Los ciudadanos peruanos no solemos participar activamente en política. Los limitados canales de comunicación con las autoridades elegidas y el descalabro de los partidos políticos –con militancias reducidas al mínimo o inexistentes– crean débiles vínculos entre la población y su sistema democrático. La gran excepción a esta desconexión política regular son los procesos electorales. De ahí que revestirlos de confianza, predictibilidad y transparencia sea absolutamente indispensable para conservar el equilibrio democrático. Si tenemos pocos mecanismos de control y comunicación una vez que las autoridades toman el poder, por lo menos requerimos la certeza de que estas fueron elegidas de manera legítima.
Por eso el transcurso de los días posteriores a la segunda vuelta del 6 de junio ha hecho ya un daño tremendo a la frágil institucionalidad nacional. El eficiente conteo de la ONPE –con actualizaciones públicas regulares– no fue suficiente para salvaguardar el proceso electoral de críticas. Con resultados tan apretados –que al tiempo de redactar estas líneas daban un margen de ventaja de apenas 0,29 puntos porcentuales, o poco más de 50 mil votos, para el candidato Pedro Castillo– la integridad y solvencia institucional del sistema han sido puestos a prueba, y su respuesta ha sido deficiente.
Más allá de la legalidad de las acciones, las idas y venidas del JNE durante el viernes respecto a la ampliación de plazos para presentar los pedidos de nulidad de actas pusieron un manto de duda sobre las autoridades electorales y generaron mucha mayor desconfianza. En este clima político de alta tensión, eso es posiblemente lo peor que puede suceder, pues incita a quienes se vean desfavorecidos por los resultados finales a cuestionar todo el trance electoral. De hecho, en una acción difícil de lograr, el JNE consiguió que simpatizantes de ambas organizaciones percibieran que la cancha estaba inclinada en su contra.
Los propios candidatos han estado lejos de mantener un perfil bajo en estas horas. De un lado, sin que haya culminado el escrutinio, Castillo comparte efusivamente en sus redes sociales los prematuros mensajes de felicitación por su elección como presidente del Perú de líderes de la izquierda latinoamericana como Dilma Rousseff, Alberto Fernández y Rafael Correa. Su equipo técnico se presenta ya en diferentes escenarios también con una actitud triunfal. De otro lado, en una actitud no menos inconveniente que la anterior, Fujimori continúa con las acusaciones de fraude y responsabiliza a la “izquierda internacional” de querer “torcer la voluntad popular” a través de manipulaciones en mesa.
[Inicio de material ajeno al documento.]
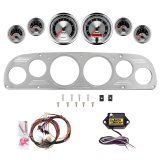 AutoMeter American Muscle 57-60 Ford Truck Billet Panel/Gauge Kit - 3-3/8in. (x2) & 2-1/16in. (x4) thumbnail 1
El resultado de este ambiente tóxico es la exaltación de los ánimos de los seguidores de uno y otro lado. La presencia de manifestantes en la ONPE y en las afueras de los domicilios del presidente del JNE, Jorge Luis Salas, y del director del diario “La República”, Gustavo Mohme, no son expresiones democráticas, sino de intimidación.
La mala gestión de elecciones ajustadas puede llevar a un clima social inmanejable y desenlaces sumamente lamentables. No está de más recordar, por ejemplo, el golpe de Estado de 1962 en contra del gobierno de Manuel Prado en medio de acusaciones de fraude electoral. El Perú no es el mismo de la década de los sesenta, pero los últimos cinco años han demostrado que la enorme debilidad institucional que aflige al país lo convierte en uno inestable y volátil. Autoridades, candidatos y simpatizantes tienen hoy que actuar con extrema responsabilidad. En el escenario actual, las consecuencias de no hacerlo son incalculables.